February-2016_Figure-1
February-2016_Figure-2
Figures 1 and 2: Rumeli Hisar, Istanbul, view and close up (P. Blessing) 

The Ottomans did not immediately set about fully transforming the city—some steps were taken as soon as the city was in hand, such as the conversion of its cathedral, Hagia Sophia, into a mosque (Figures 3 and 4). The overall changes to the urban fabric, however, including the construction of mosques and a new palace, took place over several decades to come. 

February-2016_Figure-3Jan-2011
February-2016_Figure-4_Jan-2011
Figures 3 and 4: Hagia Sophia, interior, photographs taken in January 2011 when all scaffoldings were down (P. Blessing)

Only ten years after the conquest, in 1463, was a new mosque built under the sultan’s name: the Fatih Mosque, or Mosque of the Conqueror, named after the victorious ruler. Largely destroyed in a devastating earthquake in 1766, the current building is mostly the result of reconstruction at that time, although the courtyard is still largely original (Figures 5 and 6). The site was well chosen: the Church of the Holy Apostles—the burial place of Byzantine emperors—was torn down and the patriarchate of the Greek Orthodox Church relocated. Seen from the Golden Horn, moreover, the mosque dominates the church of the Pantokrator Monastery, and imperial foundation soon converted into a mosque and still used as such today. Both the mosque and the cistern below (Figure 7) have been the subject of several restoration projects over the years, including most recently in 2014. 

February-2016_Figure-5
Figure 5: Fatih Mosque, view, with Pantokrator Church/ Zeyrek Mosque in front (P. Blessing)

February-2016_Figure-6
Figure 6: Fatih Mosque, courtyard (P. Blessing)

February-2016_Figure-7-AUGUST-2008
Figure 7: Zeyrek Cistern, during restoration in August 2008 (P. Blessing)


The sultan himself became part of the myth of the conquest: Italian painter Gentile Bellini’s portrait of Mehmed II can be found on advertisements (Figure 8) and the legend of an Ottoman rider leaping over the city walls during the conquest has found its way onto a municipal emblem (Figure 9).

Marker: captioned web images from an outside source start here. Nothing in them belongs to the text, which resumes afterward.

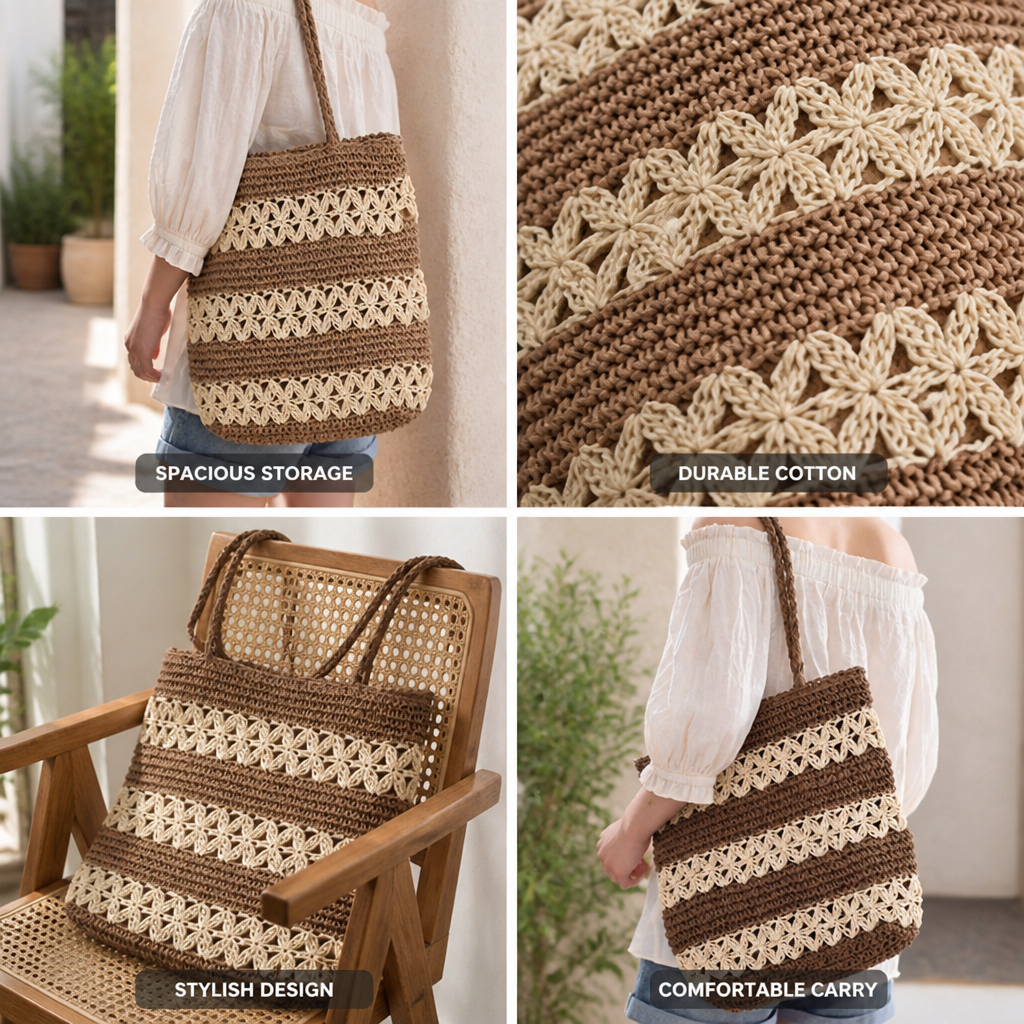 Handcrafted Sustainable Cotton Tote Bag (Two-Tone)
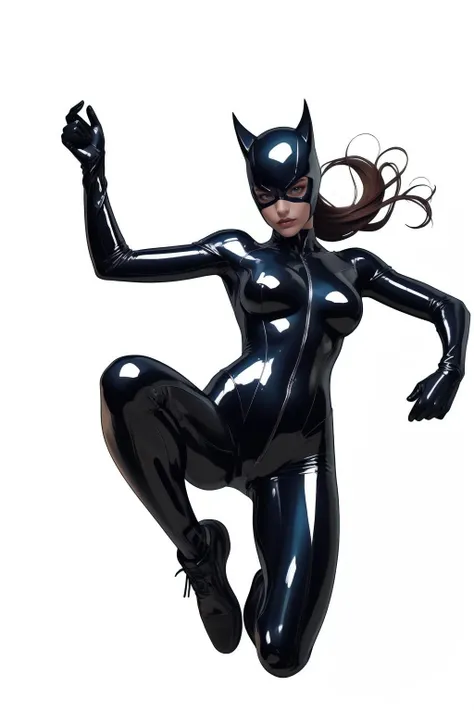 catwoman, (((annoyed))), (mask, lipstick, bodysuit), (straight back, sitting straight), portrait, (clothed, high heels), ((kneeling, sitting)), beautiful woman, earrings, green eyes, facing viewer, looking at viewer, kneeling, (thin, skinny), medium breasts, ((arms behind back)), knees together, legs together, ((facing forward, straight forward, facing camera, looking at camera, portrait)), ((handcuffs, chain leash, collar, viewer holding leash))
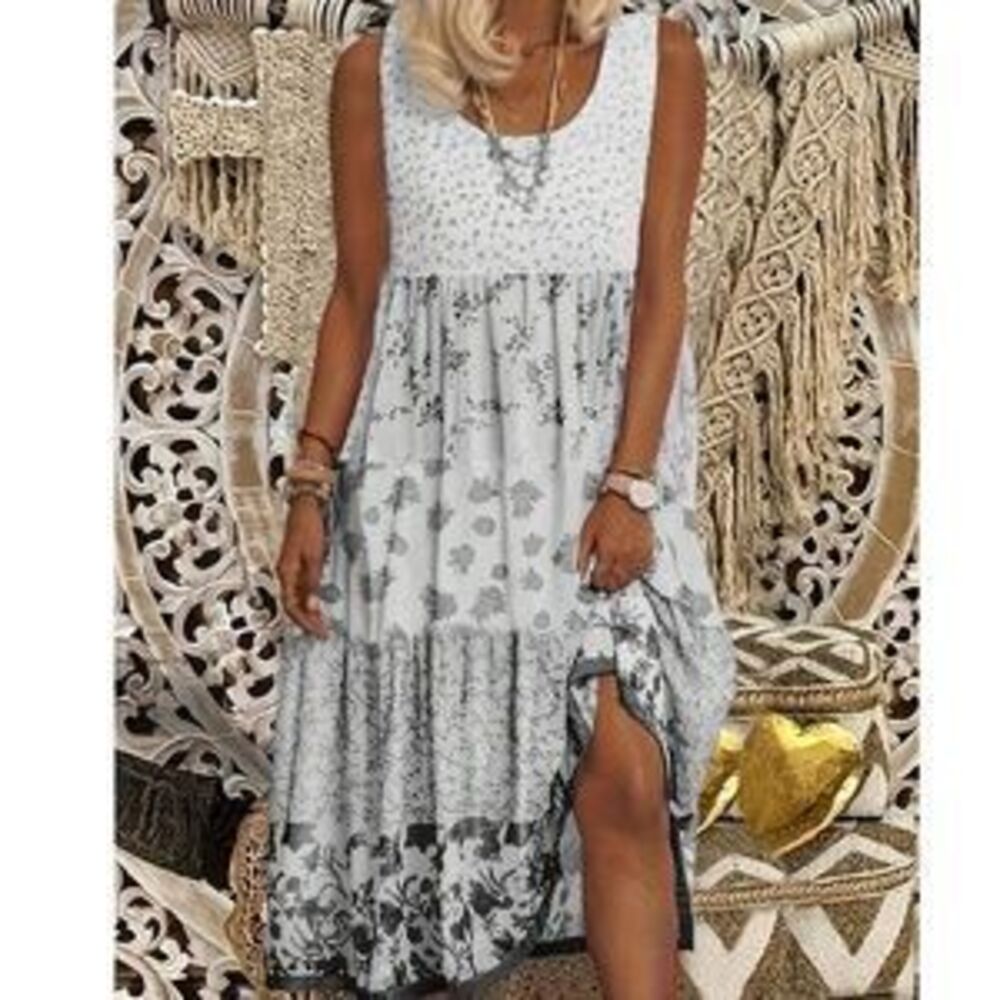 Plus Floral Print Tank summer Cottagecore Dress - Picture 3 of 5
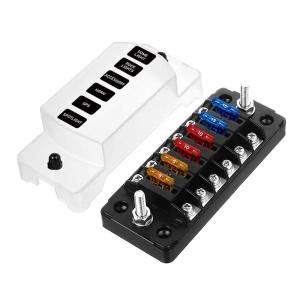12V-24V DC 6 Way Fuse Block With Negative Bus Atc/Ato Standard Automotive Fuse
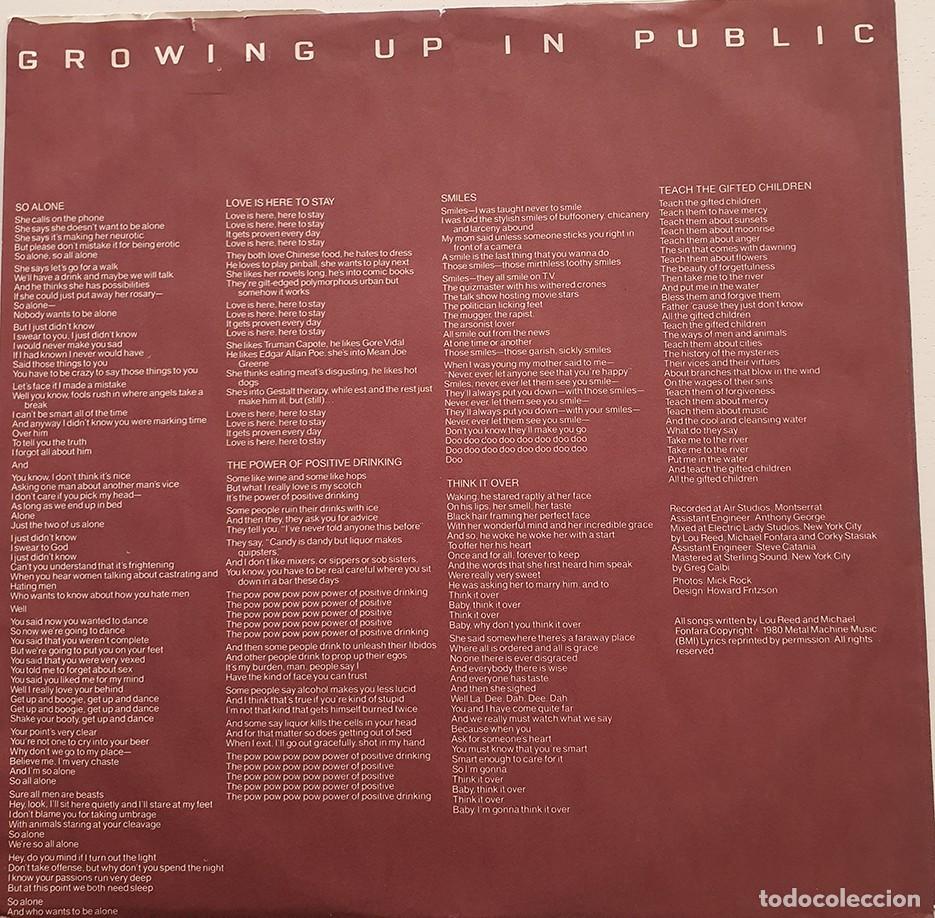 Discos de vinilo: Lou Reed &rdquo;Growing in public&rdquo; Lp. - Foto 3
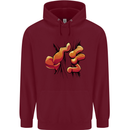 Frog Hand Scrunching Material Childrens Kids Hoodie Maroon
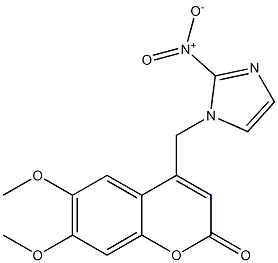 6,7-ジメトキシ-4-[(2-ニトロ-1H-イミダゾール-1-イル)メチル]-2H-1-ベンゾピラン-2-オン 化学構造式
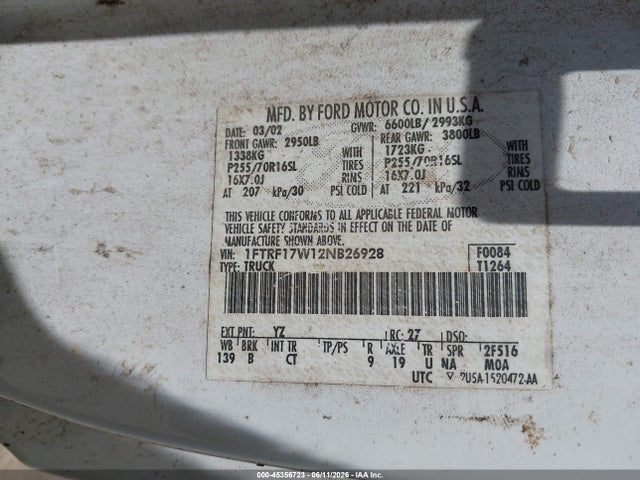 Aukcja sprzedaży 2002 Ford F-150 Xl/xlt, vin: 1FTRF17W12NB26928, numer aukcji: 45356723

February-2016_Figure-8_-June-2014
Figure 8: Advertisement on the façade of an appliance store, using Gentile Bellini’s portrait of Mehmed the Conqueror, photograph taken in the Fatih neighborhood in June 2014 (P. Blessing)

February-2016_Figure-9
Figure 9: Emblem of the Faith municipality, opposite the Mahmud Pasha Mosque near the Grand Bazaar (P. Blessing)

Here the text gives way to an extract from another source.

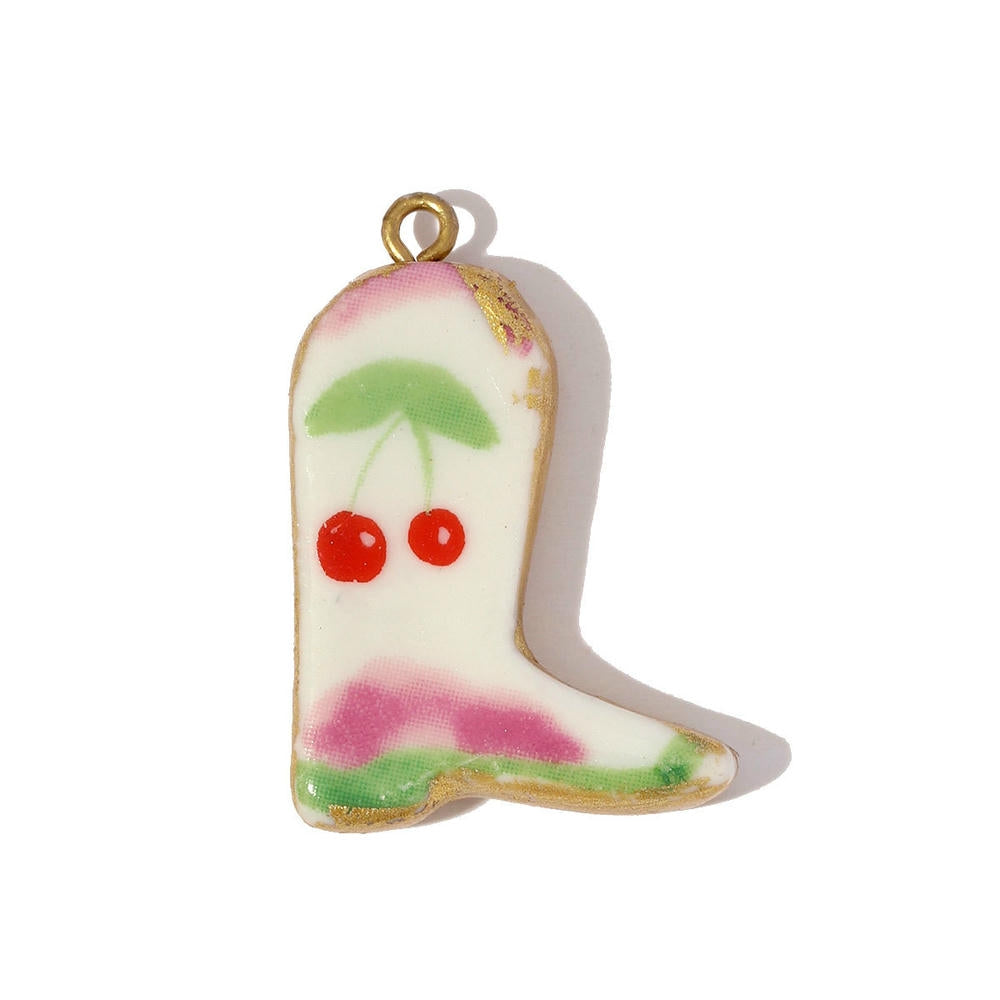 Ceramic Boot Pendant | Unique Texture Four Leaf Clover Charm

Mehmed II was not the only patron of architecture: in a targeted, long-term project that Çiğdem Kafescioğlu has studied in detail, notables and particularly the sultan’s grand-viziers were responsible for the construction of mosque complexes. In several examples, only the mosques are well preserved and the subsidiary buildings have disappeared or are at various stages of decay, as Kafescioğlu outlines. The new mosque complexes were located in various places throughout the city, on both the European and Asian sides. Located near the Grand Bazaar, the Mosque of Mahmud Pasha was built in 1462–63. The building evokes the small early Ottoman mosques in its plan and exterior aspect (Figures 10 to 12). The patron’s mausoleum, however, located directly behind the mosque, has an exterior decoration of turquoise tile inlaid into a marble covering, forming geometric patterns (Figures 13 to 15). In her study of late fifteenth-century Istanbul, Kafescioğlu designated this decoration as Timurid without further elaborating, yet other references come to mind, including the stone-carved geometric patterns on the portals of thirteenth-century Seljuk monuments in central Anatolia. The building has been undergoing restoration for several years, covered in scaffolding and its surroundings becoming a maze of steel barriers (Figures 16 to 18), and I have not yet been able to visit the interior. 

February-2016_Figure-10
February-2016_Figure-11
February-2016_Figure-12
Figures 10 to 12: Mahmud Pasha Mosque, Istanbul, views (P. Blessing) 

February-2016_Figure-13
February-2016_Figure-14
February-2016_Figure-15
Figures 13 to 15: Mahmud Pasha Mausoleum, Istanbul, view and details (P. Blessing)

February-2016_Figure-16
February-2016_Figure-17
February-2016_Figure-18
Figures 16 to 18: Mahmud Pasha Mosque, Istanbul, porch and surroundings (P. Blessing) 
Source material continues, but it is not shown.